Mad Max’s continuity is pretty confusing. It might be hard to believe, but the 40-year-old franchise spawned from a micro-budget Australian movie about raiders in a post-apocalyptic wasteland does not actually have the most coherent timeline. And with the release of the first trailer for Furiosa, the latest film in the series, things got even more complicated. But we’ll do our best to help you understand it.
The first important thing to remember about Mad Max’s timeline is that it kind of sort of got rebooted, a little. See, Mad Max: Fury Road, the fourth installment in the series, was originally set to release in the ‘90s or early 2000s, with Mel Gibson returning as Max. However, after numerous delays, and numerous instances of Mel Gibson being a horrible person in public, the movie got an updated script and a new Max — the much younger Tom Hardy.
With the change in actors, and Max’s age, the series had to be changed slightly too. As such, Fury Road is set in essentially an alternate timeline from the original movies. Key events happen at slightly different times. In Fury Road’s timeline, the nuclear annihilation of huge portions of humanity happened in between the events of Mad Max and The Road Warrior, rather than after The Road Warrior, like they do in the original trilogy.

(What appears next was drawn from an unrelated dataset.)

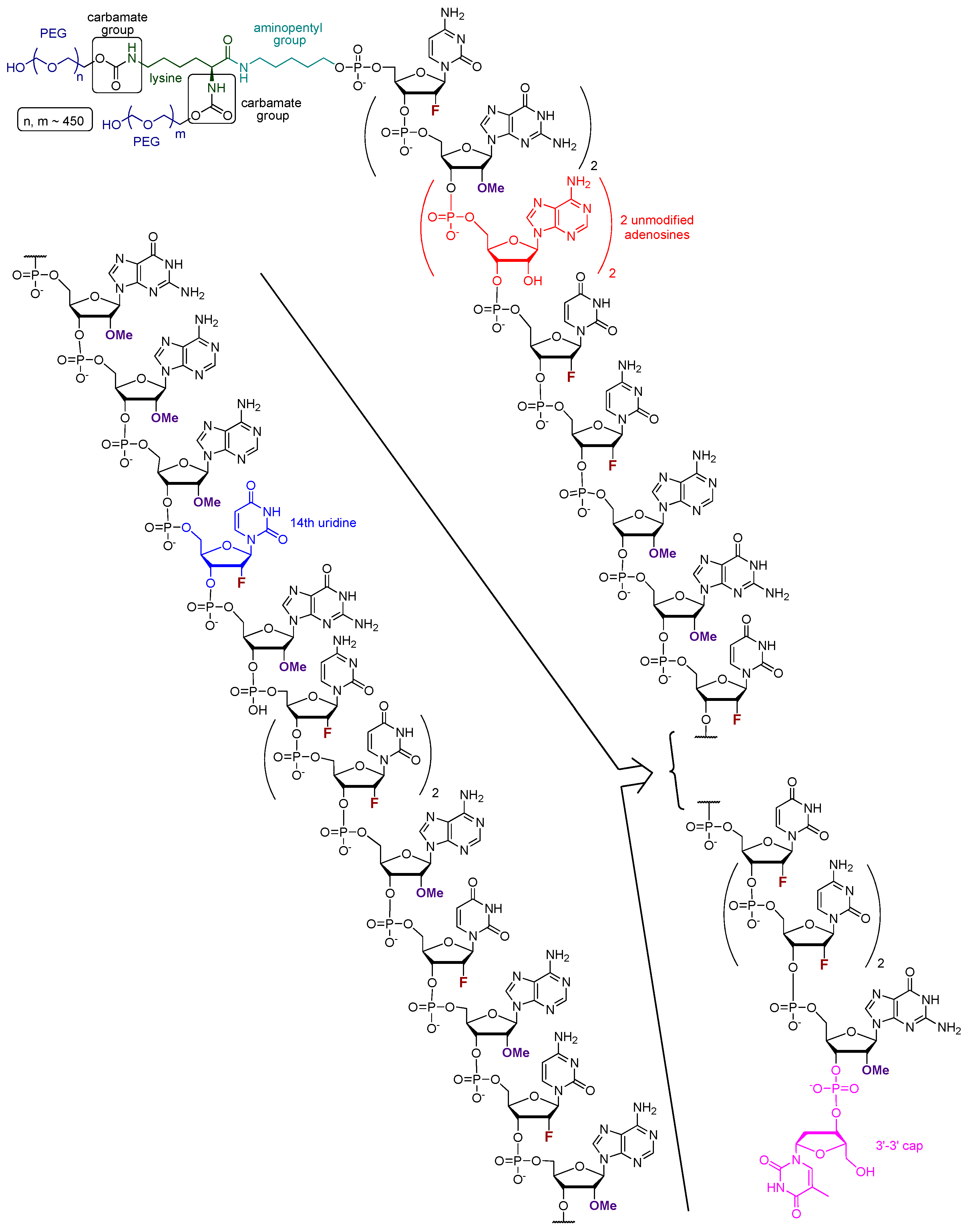 Pharmaceutics 17 00394 g002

All of this makes things especially confusing when the trailer for Furiosa informs us that the events of the movie happen 45 years after the “the Collapse.” Technically this means the movie probably takes place a little less than 45 years after the events of The Road Warrior. This doesn’t make a ton of sense when compared to the events of Fury Road, especially if it’s the same Max character.
But if you’re trying to square that math with either the events of the original Mad Max trilogy or Fury Road, let me offer some helpful advice: don’t. It probably doesn’t make sense. In fact, the comics books that have come out since Fury Road have been trying to fit its timeline back into the original trilogy for years, and never gotten close to succeeding.
And you know what? That’s OK.
Mad Max director, writer, and creator George Miller, in his infinite wisdom, rightly decided with the release of Fury Road that maybe Max is an idea larger than petty grievances like canon and continuity. Max is a myth and a legend, and as Miller himself has supposedly said, he works best as a campfire legend. And Furiosa is no different. The trailer says as much in its first few seconds. This is her Odyssey. She’s destined to become a myth, and myths are too important to worry about whether or not the details line up.